[Exercise material Boundary: Start]

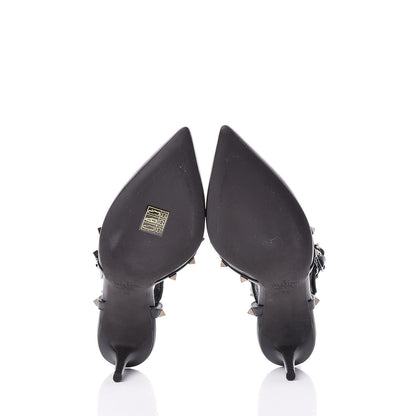 Valentino Garavani Nappa Rockstud Ankle Strap Low Heel Pumps 39 Black 5 of 8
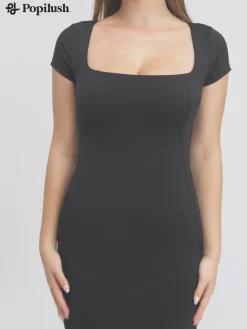 Shapewear Square Neck Slimming Midi Work Dress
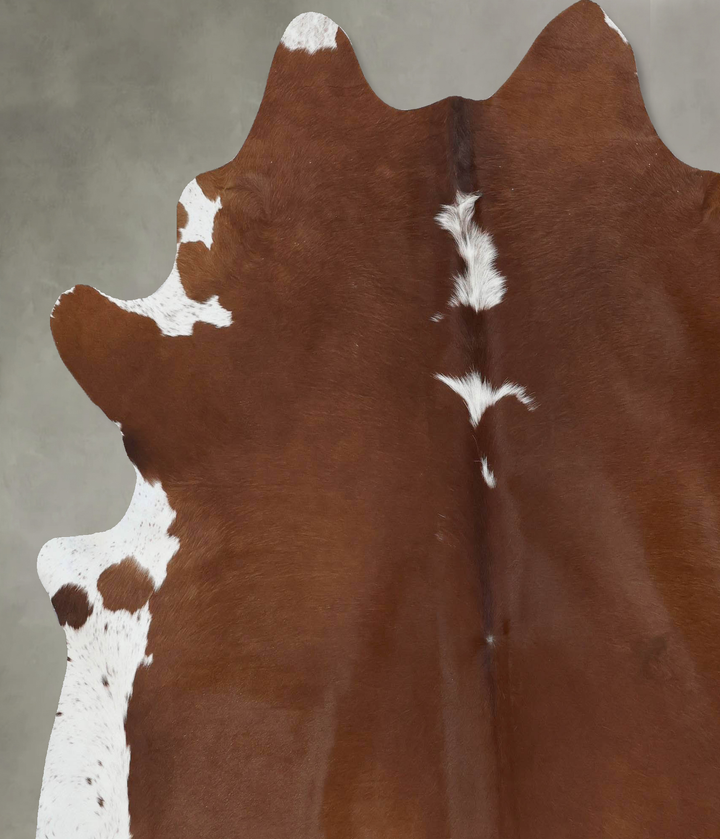 Brown and White Regular X-Large Brazilian Cowhide Rug 7'4"H x 6'8"W #B18086 by Hudson Hides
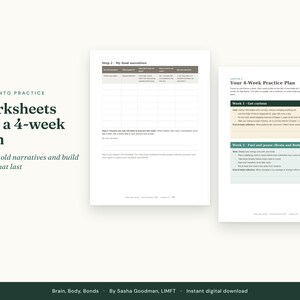 Puede incluir: Un documento digital titulado Put It Into Practice Worksheets and a 4-week plan, que presenta una tabla llamada Step 2 - My food narratives y una secci&oacute;n Your 4-Week Practice Plan con objetivos semanales y preguntas de reflexi&oacute;n.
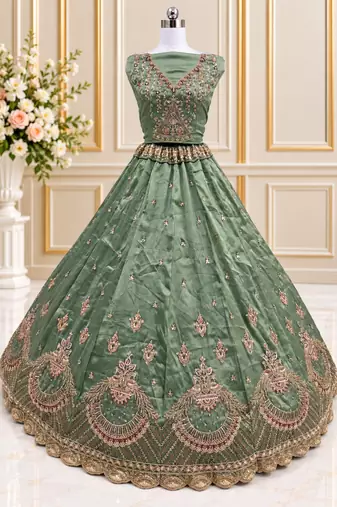 Light Green Color Crystal Beads,Multi Thread,Dori And Sequins Work Silk_Blend Lehnega Choli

[Exercise material Boundary: End]

A faithful, complete copy of the records above is required, one that contains no pictures.

■ Your response
 Valentino Garavani Nappa Rockstud Ankle Strap Low Heel Pumps 39 Black 5 of 8
 Shapewear Square Neck Slimming Midi Work Dress
 Brown and White Regular X-Large Brazilian Cowhide Rug 7'4"H x 6'8"W #B18086 by Hudson Hides
 Puede incluir: Un documento digital titulado Put It Into Practice Worksheets and a 4-week plan, que presenta una tabla llamada Step 2 - My food narratives y una secci&oacute;n Your 4-Week Practice Plan con objetivos semanales y preguntas de reflexi&oacute;n.
 Light Green Color Crystal Beads,Multi Thread,Dori And Sequins Work Silk_Blend Lehnega Choli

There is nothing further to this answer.